## [Work order]
Each line of the records is to be returned verbatim, with the images omitted.

Short web captions:

--- START ---

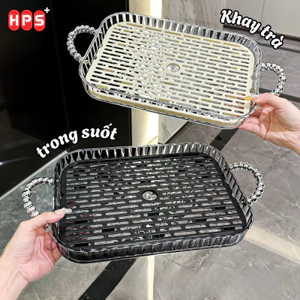 Khay Úp Ly Cốc HomeMate 2 Lớp Vân Kim Cương Trong Suốt, Khay Trà Acrylic Cao Cấp Tay Cầm Ngọc Trai Sang Trọng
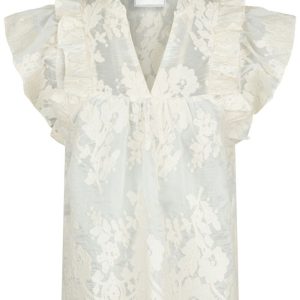 Neo Noir - Bluse - Jayla Big Embroidery Top - Off White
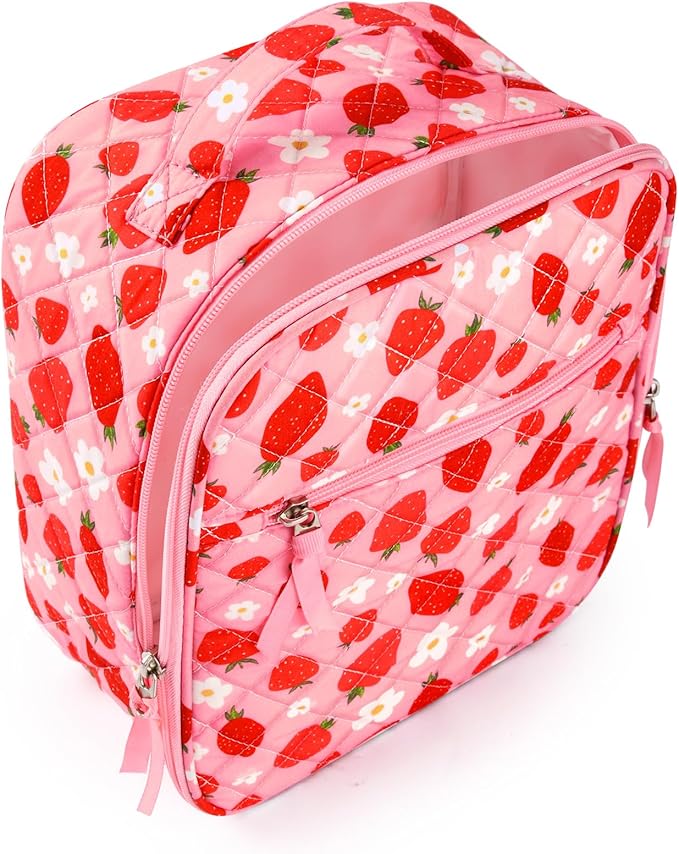 Aileam Lunch Box for Women Cute Strawberry Lunch Bag Quilted Reusable Insulated Lunch Box Aesthetic Lunch Tote Bags Floral Cotton Lunch Case for Travel Work Picnic (Pink Strawberry Flower)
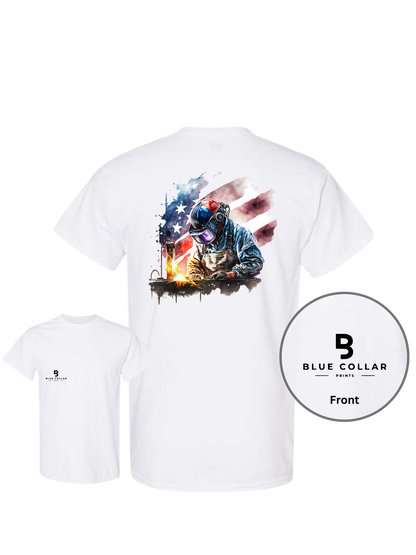 #1008-Watercolor Welder 3 Short Sleeve T-Shirt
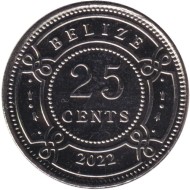 Монета 25 центов. 2022 год, Белиз. Монета 25 центов. 2022 год, Белиз.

--- END ---

## [Exercise response]
 Khay Úp Ly Cốc HomeMate 2 Lớp Vân Kim Cương Trong Suốt, Khay Trà Acrylic Cao Cấp Tay Cầm Ngọc Trai Sang Trọng
 Neo Noir - Bluse - Jayla Big Embroidery Top - Off White
 Aileam Lunch Box for Women Cute Strawberry Lunch Bag Quilted Reusable Insulated Lunch Box Aesthetic Lunch Tote Bags Floral Cotton Lunch Case for Travel Work Picnic (Pink Strawberry Flower)
 #1008-Watercolor Welder 3 Short Sleeve T-Shirt
 Монета 25 центов. 2022 год, Белиз. Монета 25 центов. 2022 год, Белиз.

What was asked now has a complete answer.